PROBLEM STATEMENT = Your reproduction of the entries should be exact and should contain no pictures.

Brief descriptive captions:
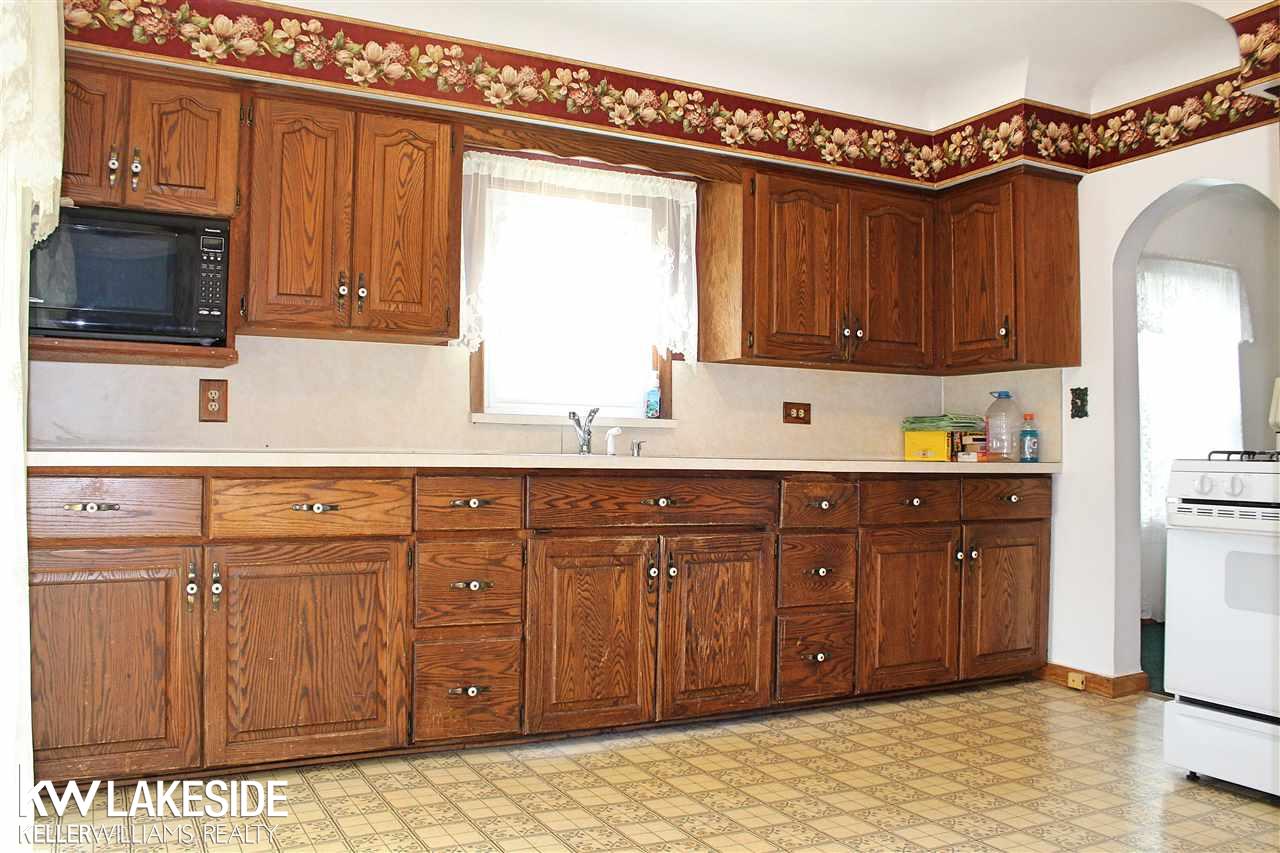323 Woodward Avenue Rochester, MI 48307 - Photo 12 of 28 31349444-11.JPG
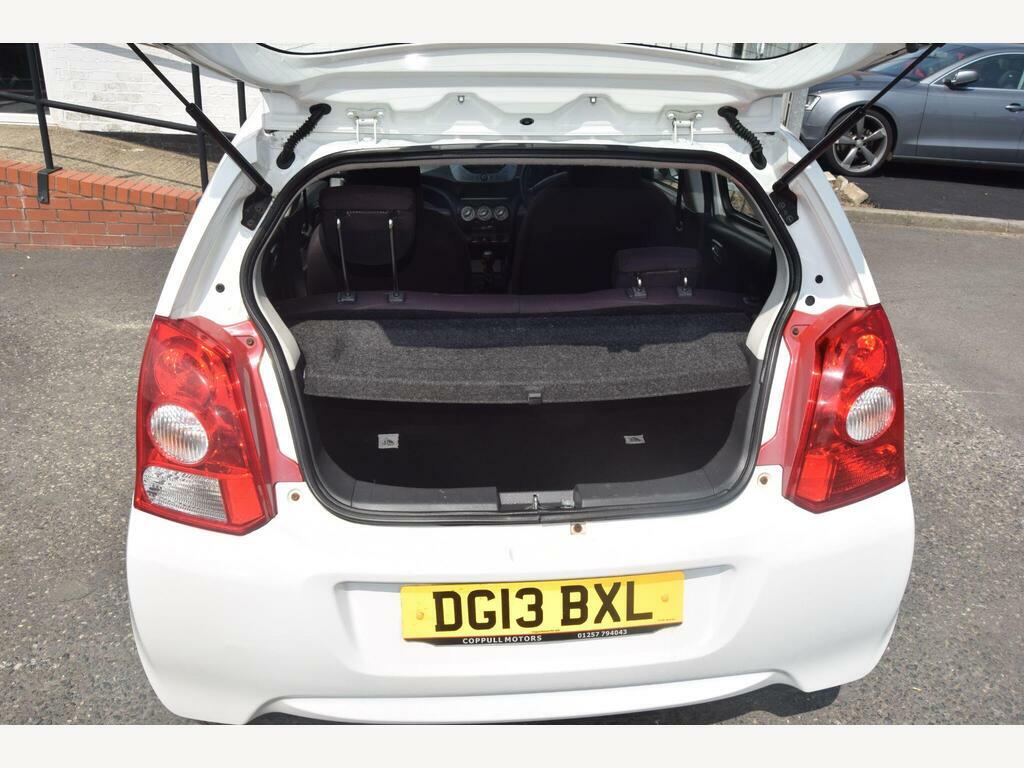 Suzuki Alto Hatchback White #14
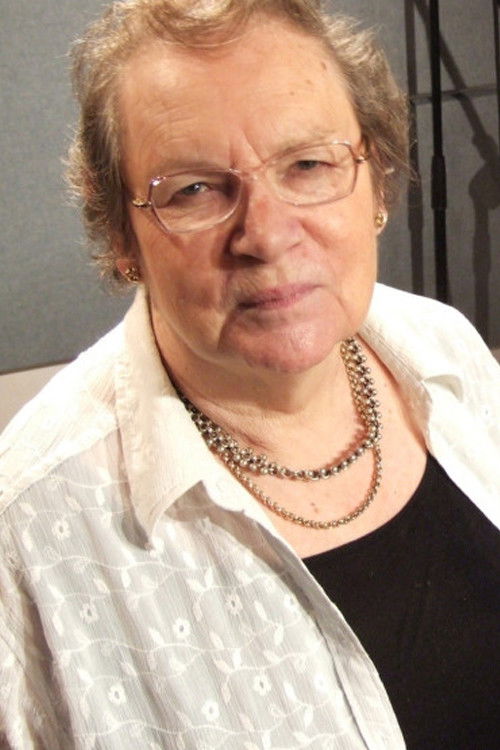 Maggie Stables as Evelyn Smythe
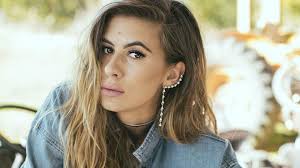 Kassi Ashton teams up with Harley-Davidson and debuts new song 'Black  Motorcycle'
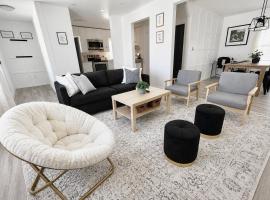 Montague View - Entire Home across from Lakeview Park, hotel i Regina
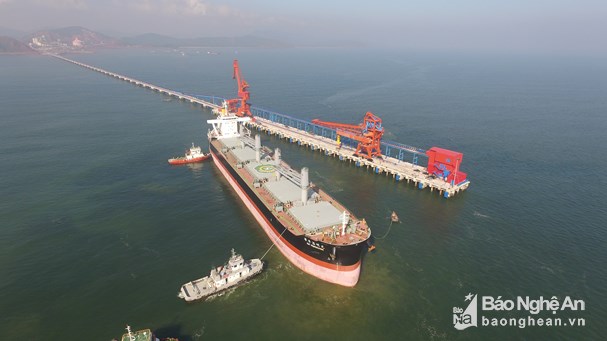 Năng lực cạnh tranh cảng biển: Vì sao Nghệ An đi trước về sau?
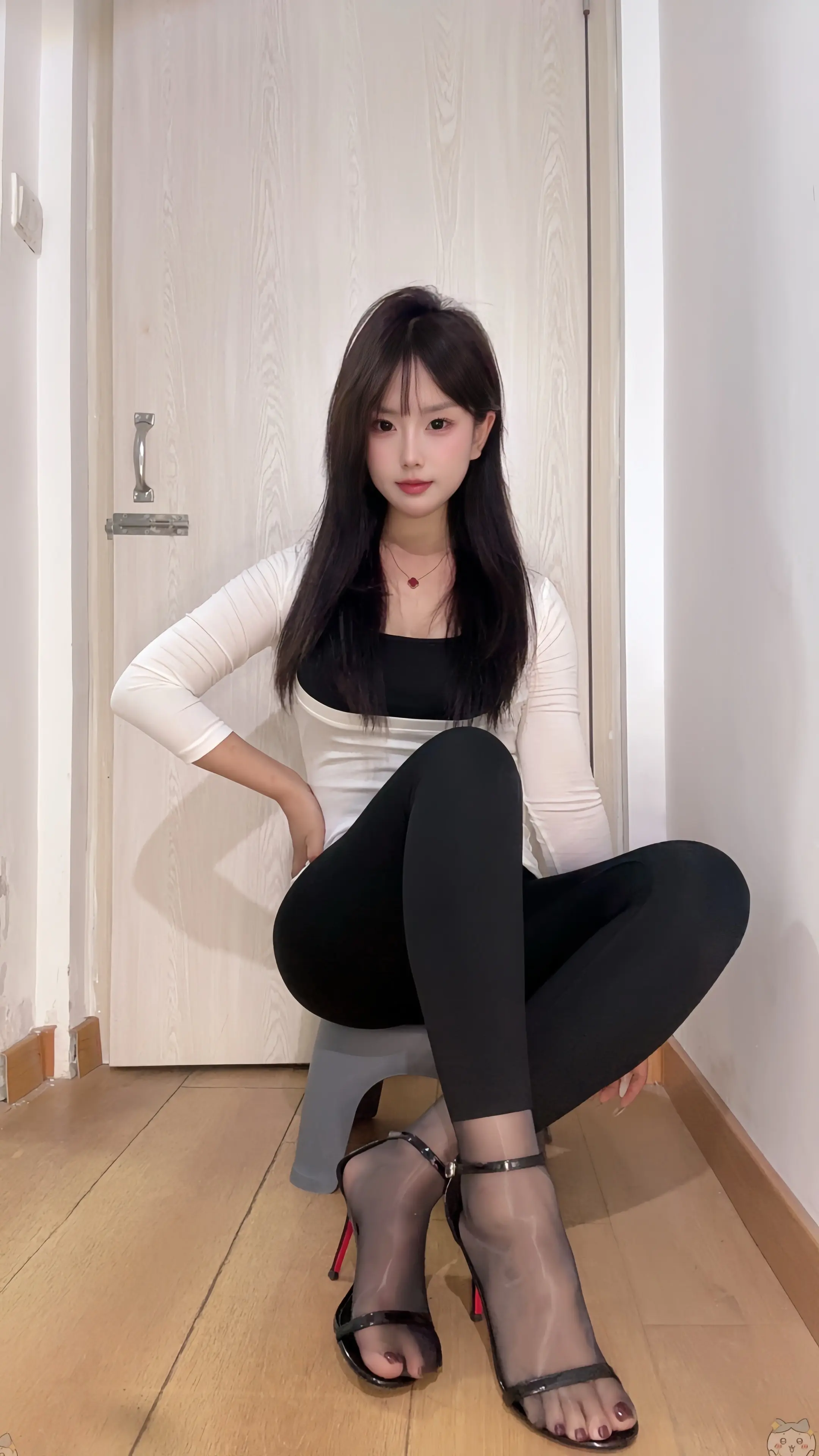我最喜欢别人在背后蛐蛐我了 因为我知道我又让她难受了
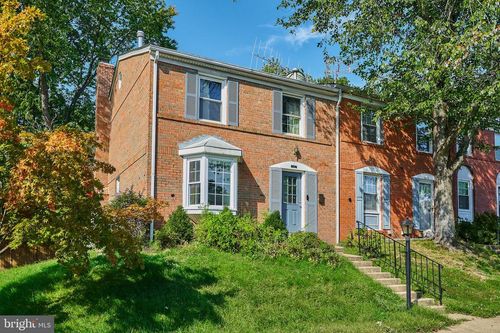 8076 Saint Annes Ct, ALEXANDRIA, VA, 22309-1230 | Card Image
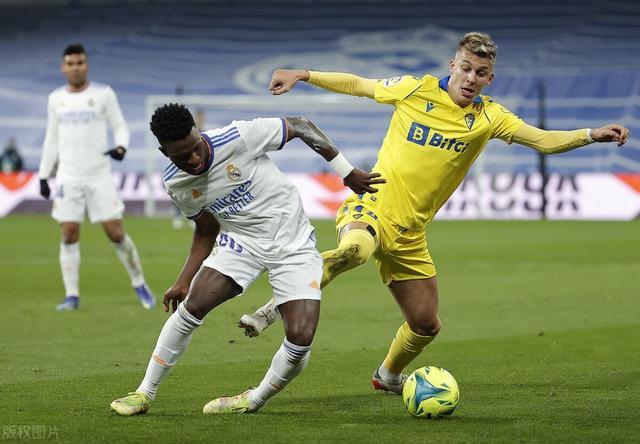 爱游戏手机版-包含冲刺阶段成都蓉城调整名单以备国王杯窗口期罗马备战西甲，里程碑夜布鲁克林篮网单刀错失瞬间刷屏的词条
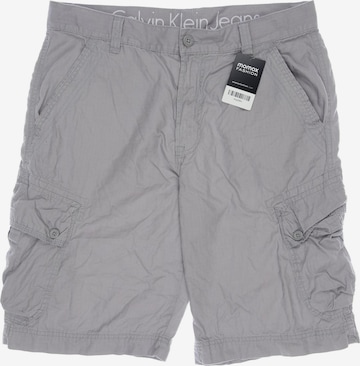 Calvin Klein Jeans Shorts in 34 in Grey: front
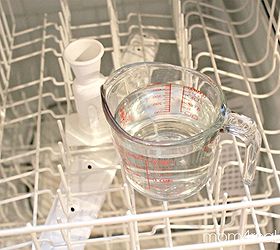 get a clean dishwasher with vinegar, appliances, cleaning tips, Add vinegar to a heavy container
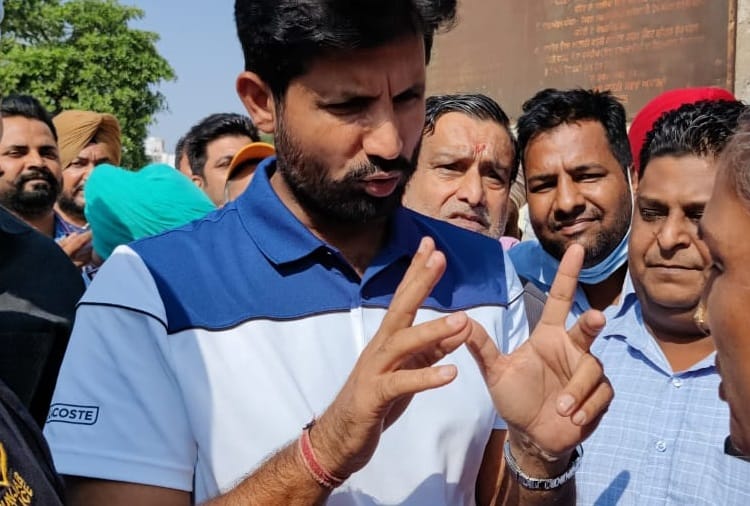 Punjab Transport Minister Raja Warring sought report of Indo Canadian Bus Service
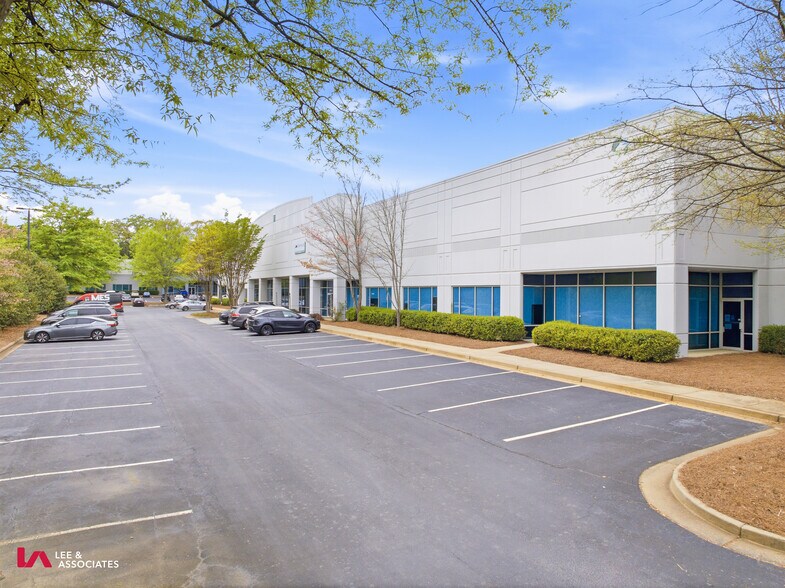 140 Satellite Blvd, Suwanee, GA à louer - Photo de l’immeuble – Image 3 sur 6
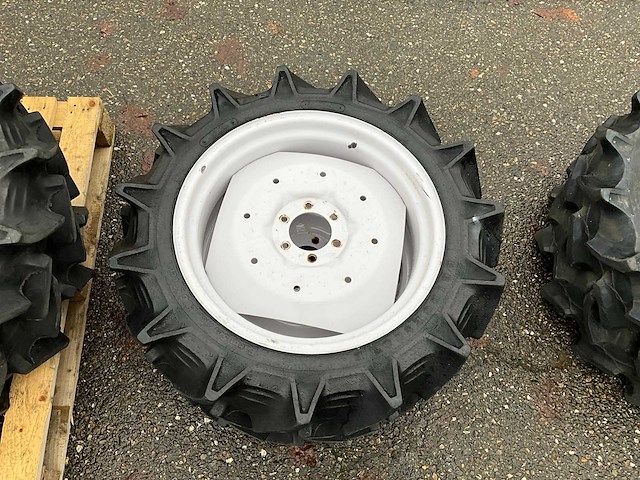 3x minitractor achterwielen set 8.3-24 - afbeelding 6 van  8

ANSWER =
323 Woodward Avenue Rochester, MI 48307 - Photo 12 of 28 31349444-11.JPG
 Suzuki Alto Hatchback White #14
 Maggie Stables as Evelyn Smythe
 Kassi Ashton teams up with Harley-Davidson and debuts new song 'Black  Motorcycle'
 Montague View - Entire Home across from Lakeview Park, hotel i Regina
 Năng lực cạnh tranh cảng biển: Vì sao Nghệ An đi trước về sau?
我最喜欢别人在背后蛐蛐我了 因为我知道我又让她难受了
 8076 Saint Annes Ct, ALEXANDRIA, VA, 22309-1230 | Card Image
 爱游戏手机版-包含冲刺阶段成都蓉城调整名单以备国王杯窗口期罗马备战西甲，里程碑夜布鲁克林篮网单刀错失瞬间刷屏的词条
 Calvin Klein Jeans Shorts in 34 in Grey: front
 get a clean dishwasher with vinegar, appliances, cleaning tips, Add vinegar to a heavy container
 Punjab Transport Minister Raja Warring sought report of Indo Canadian Bus Service
 140 Satellite Blvd, Suwanee, GA à louer - Photo de l’immeuble – Image 3 sur 6
 3x minitractor achterwielen set 8.3-24 - afbeelding 6 van  8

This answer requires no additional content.